This crisis is marked, it is held, by the reception of the person of the Holy Ghost who brings Christ to indwell and possess the heart and life. And the only condition of receiving the Holy Spirit is a step of complete surrender and an act of appropriating faith. After this crisis experience sanctification is, we believe, gradual in the sense of the development and full maturity of the life “hid with Christ in God.”41

 The deeper life “is not a finished, crystallized condition which requires no further development or nourishment,” Simpson contended, “but is simply a new beginning on a higher plane that needs to be maintained by continuous dependence upon the grace of Christ.”42

 By identifying both a crisis and a progressive phase in sanctification, the Alliance placed itself right in the center of a theological battle zone.
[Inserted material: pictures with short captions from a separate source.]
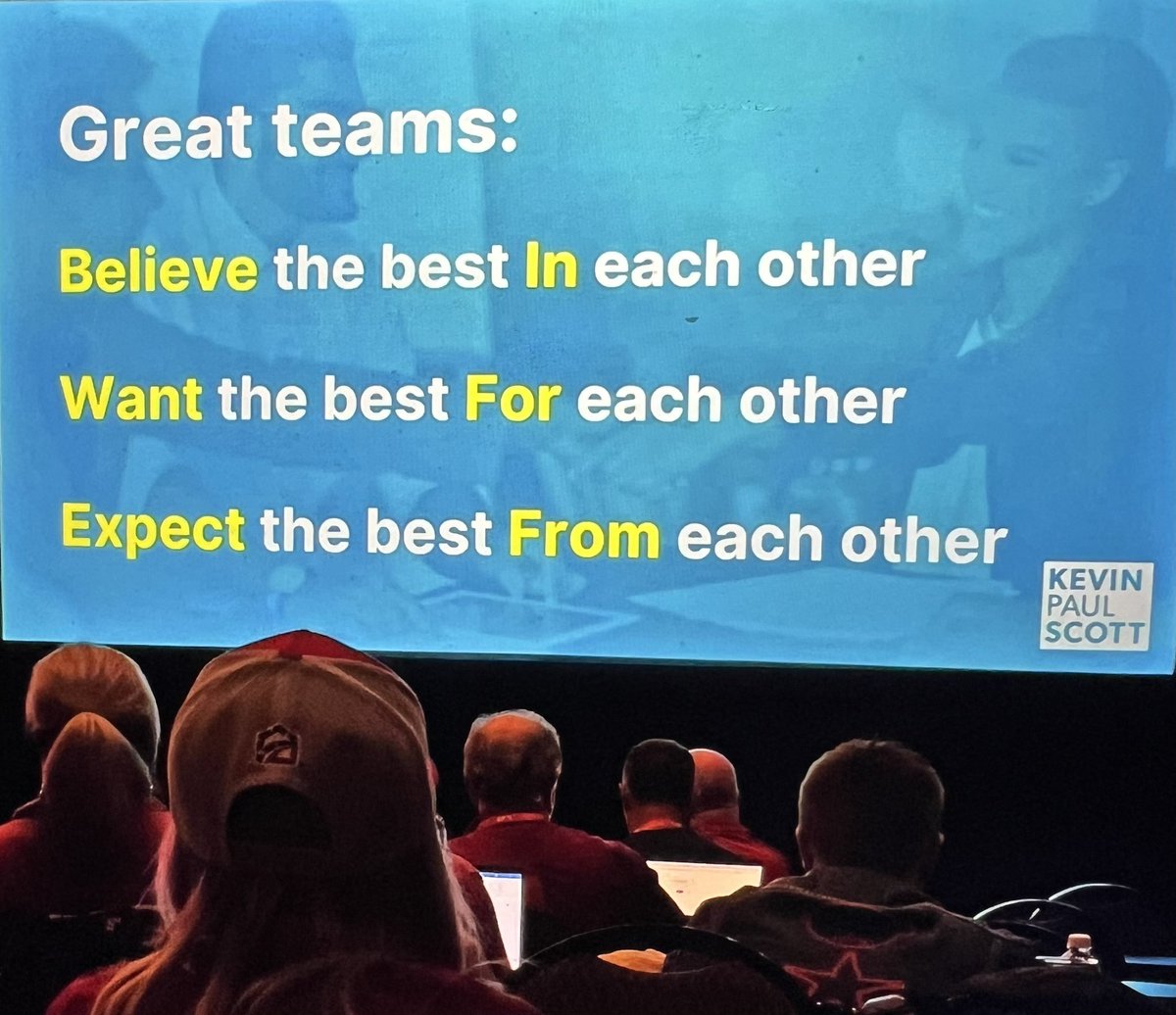 #Wednesday #FairwayNation #JDPowerAward2023 #goAmber🙏<a href="/KevinPaulScott/">Kevin Paul Scott</a>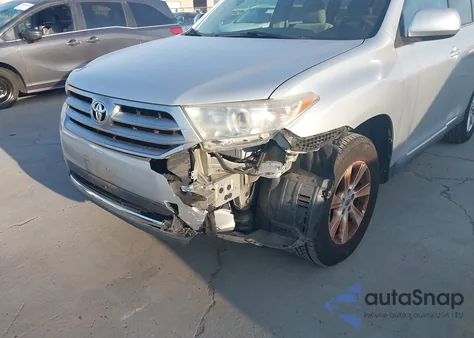 2011 Toyota Highlander Base V6 z USA, uszkodzony, nr VIN 5TDZK3EH6BS042805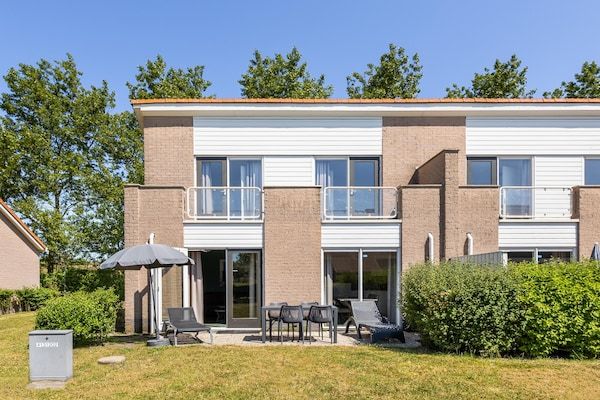 Buitenkant - Vakantiehuis in Zeeland bij de Kust in Renesse (1)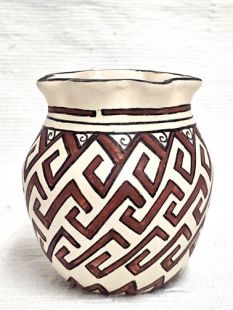 Native American Hopi Handbuilt and Handpainted Pot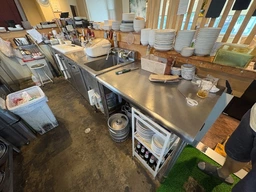 西代駅 徒歩1分 2F 現況:レストラン 飲食居抜き物件外観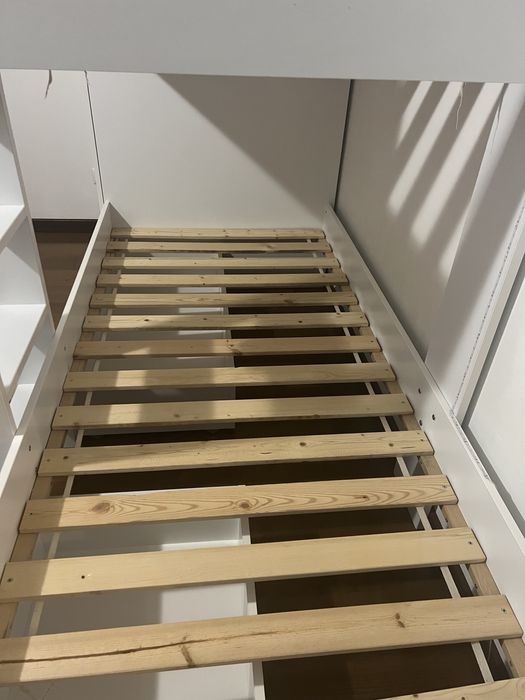 Beliche com roupeiro e gavetas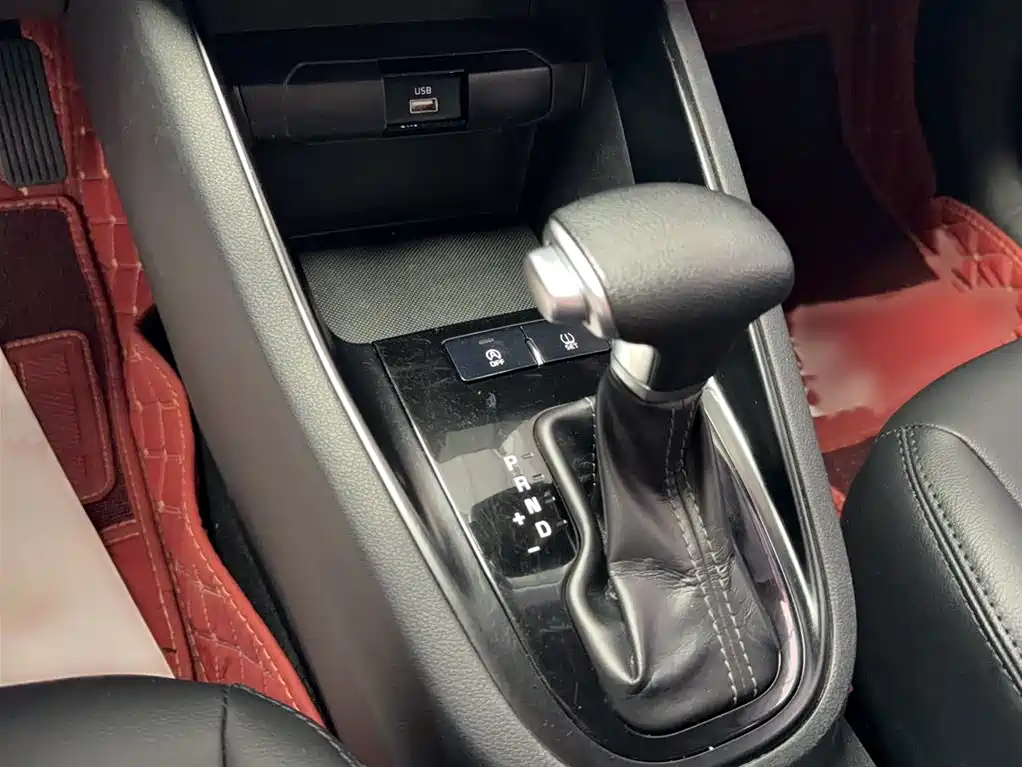 Kia Forte 2020 — фото 12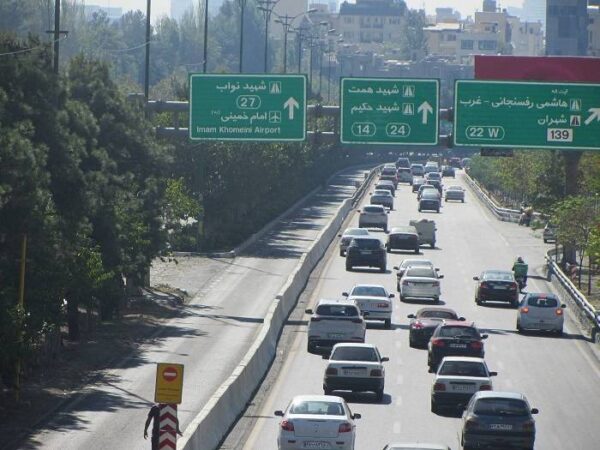 جایگزینی ۱۴ کیلومتر نیوجرسی به جای گاردریل در بزرگراه شهید چمران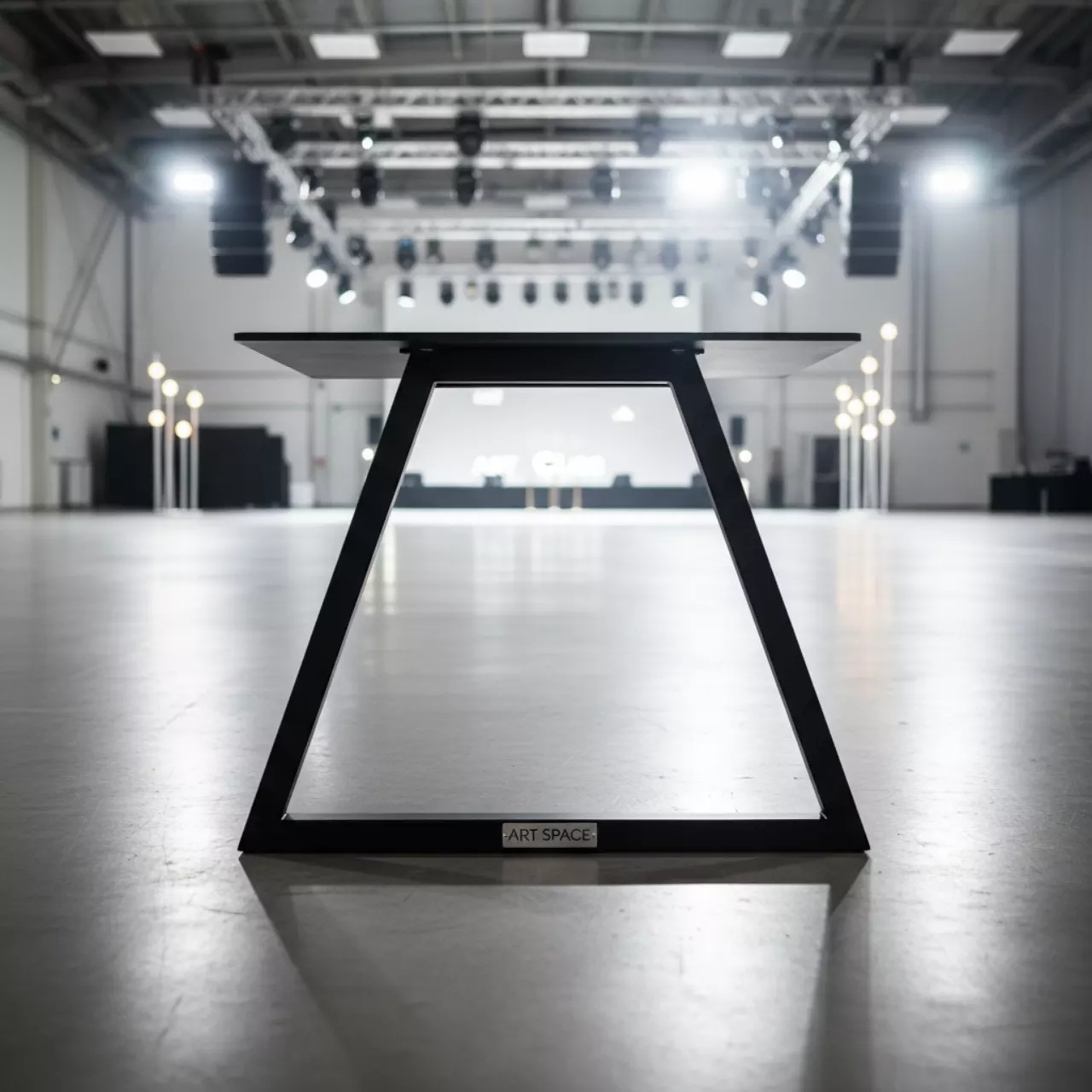 Аренда Подстолье трапеция Лофт черное 85 см в Керлинговом центре «Ледяной куб» — ART SPACE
On the one side were the “eradicationists,” who maintained that the sinful nature could be “expurgated” from the believer “by a second definite work of grace.”43 This position usually resulted in a belief in some form of “sinless perfection.” On the other side were the “suppressionists,” who “held that the carnal nature was not eradicated but . . . needed to be suppressed by walking after the Spirit.”44 This position became associated with dispensationalism and usually negated a second work of grace.

 Simpson’s belief in both the crisis and process aspects of sanctification struck a balance between these theological positions. But he was not seeking some vague middle ground for the sake of peace, nor was he trying to synthesize opposite views in a Hegelian dialectic. He was simply remaining faithful to the full counsel of Scripture, which identifies a twofold sanctification process throughout its pages.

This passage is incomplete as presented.